But after all the drama - the blockade, the alleged safety violations, the claims of missing permits, the salacious apartment ads, and, let us not forget, the fake bomb - Goldtex is now just another upscale apartment building. A very good one, at that. If not for the protest, this would be a column about how Goldtex's mix of design sophistication and calculated grit will reset the image of the Loft District.
But back to other matters. You may recall that the protest began after the developers, brothers Michael and Matthew Pestronk, announced they would break with Philadelphia tradition and, to save money, rehab the century-old factory using a partially unionized workforce. The trade unions insisted on 100 percent, and responded by laying siege to the site. For nearly half a year, muscled men in work boots blocked deliveries and harassed the Pestronks' employees, while the city's political elite stayed silent.
At the time, Goldtex was seen by developers as the final showdown with the trade unions. They had seethed for years over theunions' chokehold on wages and work rules, complaining that construction workers here earn as much as their New York counterparts, even though Philadelphia real estate prices are far lower. With Goldtex, the Pestronks drew a line in the sand.
So who won?
Since the Pestronks succeeded in completing the 163-unit building on their own terms, you might give them the advantage. The images of thuggish-looking fellows massed in front of delivery trucks weren't exactly an advertisement for unions as a modern institution.
Still, it took far longer to finish Goldtex than the Pestronks ever imagined. Even after the unions accepted an agreement to withdraw, brokered by Democratic Party boss Bob Brady, the Pestronks struggled to complete the $38 million project, their first major development. Because of problems with the manufacturer, Goldtex's distinctive, pixelated metal-and-glass facade remained frozen in a buffer state for over a year, bandaged in unsightly strips of blue waterproofing. The installation was performed by union ironworkers - from North Jersey - but that didn't stop the snickers.
Somehow, the bruising confrontation doesn't seem to have diminished the unions' power in this town.
A lead figure in the protest, John "Johnny Doc" Dougherty, head of Electricians Local 98, is more entrenched than ever in Philadelphia politics, with no fewer than five allies on City Council, including President Darrell L. Clarke. Dougherty's union gives more generously to Pennsylvania candidates than any other independent donor in the state. And he just cut a much-praised labor deal with the Convention Center - squeezing out Carpenters Local 8, his main ally in the Goldtex battle.

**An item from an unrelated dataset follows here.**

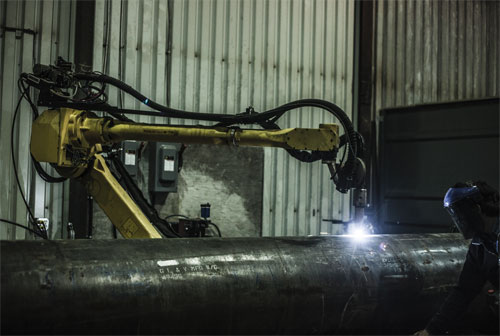 Groupe Grasser的机器人工作单元在公司魁北克工厂对大型工件进行等离子切割和焊接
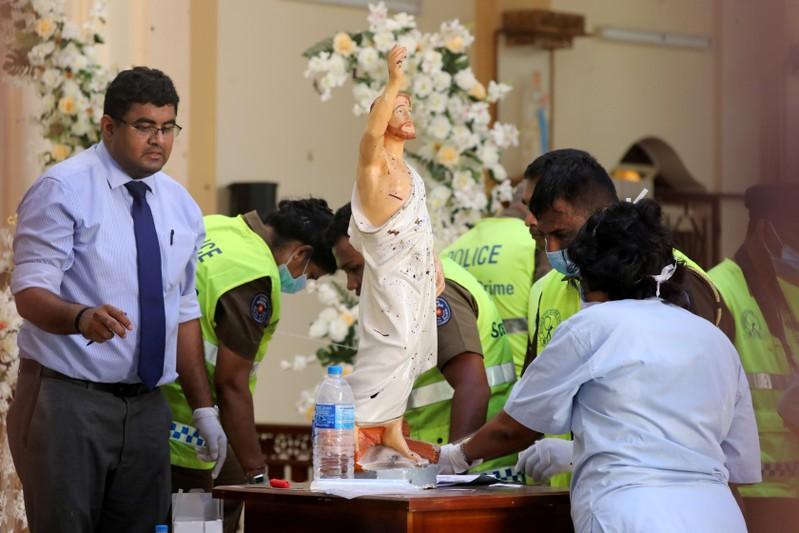 Sri Lanka imposes emergency, says international network involved in attacks Sri Lanka imposes emergency, says international network involved in attacks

So I was surprised to hear Dougherty express regret in an interview about the Goldtex affair. Actually, I was surprised that Dougherty agreed to the interview at all. But there he was on the other end of the phone, affable and charming. ("We should have coffee," he suggested.)
Presenting himself as pro-business, pro-development, pro-transit, and pro-density (wow!), he conceded that the siege might not have been a good way for the unions to burnish their image with Philadelphia's growing contingent of millennials. "We wish we had worked together" with the Pestronks, he said. "We would have had more work. We would have had a cleaner, safer project and [Goldtex] would have opened two years earlier."
There must be something in the water, because Michael Pestronk says he also regrets the whole business, and won't take the same stand again.
Yes, they saved $10 million by using nonunion labor, "but it cost us in reputation and time. It made the banks less likely to work with us," Pestronk explained. "We're not in the business of being political crusaders. That's not how I want to spend my day. We want to be seen as the guys with the best apartments."
Now that the last of the green and gray panels are bolted in place, he may get that wish. The surprise is that the renovated factory emerged from the debacle with its architectural integrity intact.
Designed by the former KlingStubbins (now Jacobs), and executed by Coscia Moos Architecture, Goldtex is not a typical loft conversion. Because the concrete facade was in poor shape, the Pestronks encased it in an energy-efficient shell, giving it a vibrant, Mondrian color grid that sparkles in the sun. Jazzy and syncopated in its rhythms, it may be a little busy, but not fatally so. The panels are better quality and more eye-friendly than some similar facades now going up, like the one at 1900 Arch. Only the patchy coloration on the east facade seems arbitrary in its arrangement.
The idea of sheathing a tough old factory in slick panels initially seemed a poor choice. The appeal of a factory conversion is the authenticity transmitted by these relics of the urban past. But the Goldtex design manages to have it both ways.
Goldtex's fresh, modern skin helps reposition the lightly settled Loft District as a credible place for upscale apartments. At the same time, the Pestronks trade on, and commodify, the neighborhood's edgy past with the strategic use of graffiti. Framed samples of works by the celebrated street artist Agua hang in the lobby signage. Espo, also known as Steve Powers, provided the sharp supergraphics for the hallway signage. The Pestronks cleverly kept a rim of authentic graffiti around the wall of the spectacular roof deck, infusing the luxe space with real street cred.
What Philadelphia didn't get out of the Goldtex fight is more realistic union rules that would enable the city to build quality housing at affordable prices. Those agreements still have to be negotiated one deal at a time. That's still the Philadelphia way.